- _WHAT THIS TASK INVOLVES_:
A precise copy of the data is required, with every picture left out.

- _SOURCE DATA_:
################

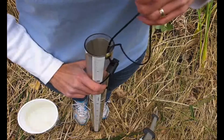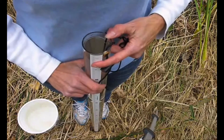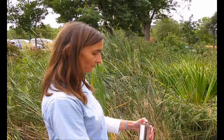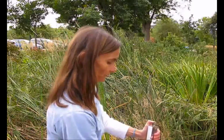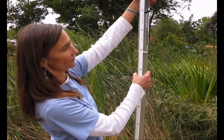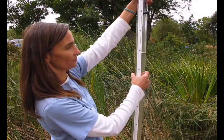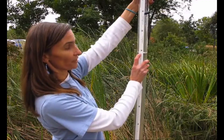Once you've identified the midpoint, pinch the string against the side of the tube with your thumb. Making sure that you hold the string on the side of the tube with your thumb, raise the tube until you can see the disc on the centimeter scale on the side of the tube. This is the reading you'll record on your datasheet.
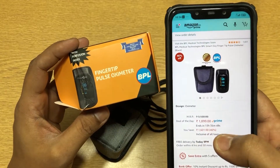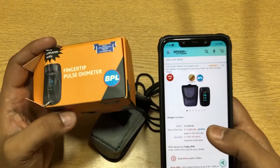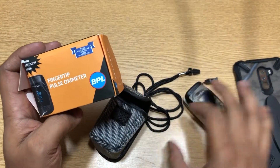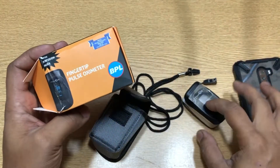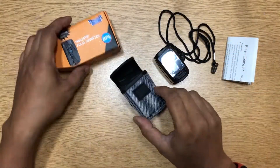So why should you buy this? What's the purpose of a pulse oximeter? We'll be talking about that, we'll be seeing how it actually works, we'll be taking a closer look at it, and we'll be talking about what other options are available if you don't have a pulse oximeter — how you can actually check your oxygen level.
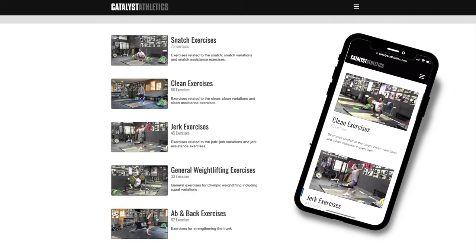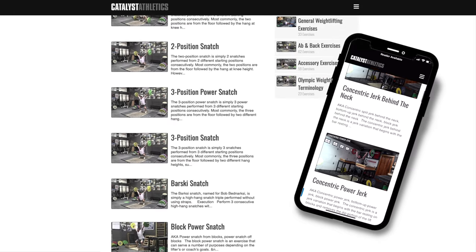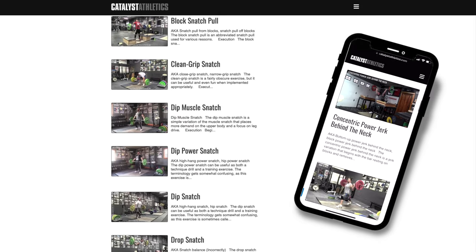You can get more info on this exercise, find related exercises, and see hundreds more in my free weightlifting exercise library at catalystathletics.com.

################

- _EXPECTED ANSWER_:
Once you've identified the midpoint, pinch the string against the side of the tube with your thumb. Making sure that you hold the string on the side of the tube with your thumb, raise the tube until you can see the disc on the centimeter scale on the side of the tube. This is the reading you'll record on your datasheet.
So why should you buy this? What's the purpose of a pulse oximeter? We'll be talking about that, we'll be seeing how it actually works, we'll be taking a closer look at it, and we'll be talking about what other options are available if you don't have a pulse oximeter — how you can actually check your oxygen level.
You can get more info on this exercise, find related exercises, and see hundreds more in my free weightlifting exercise library at catalystathletics.com.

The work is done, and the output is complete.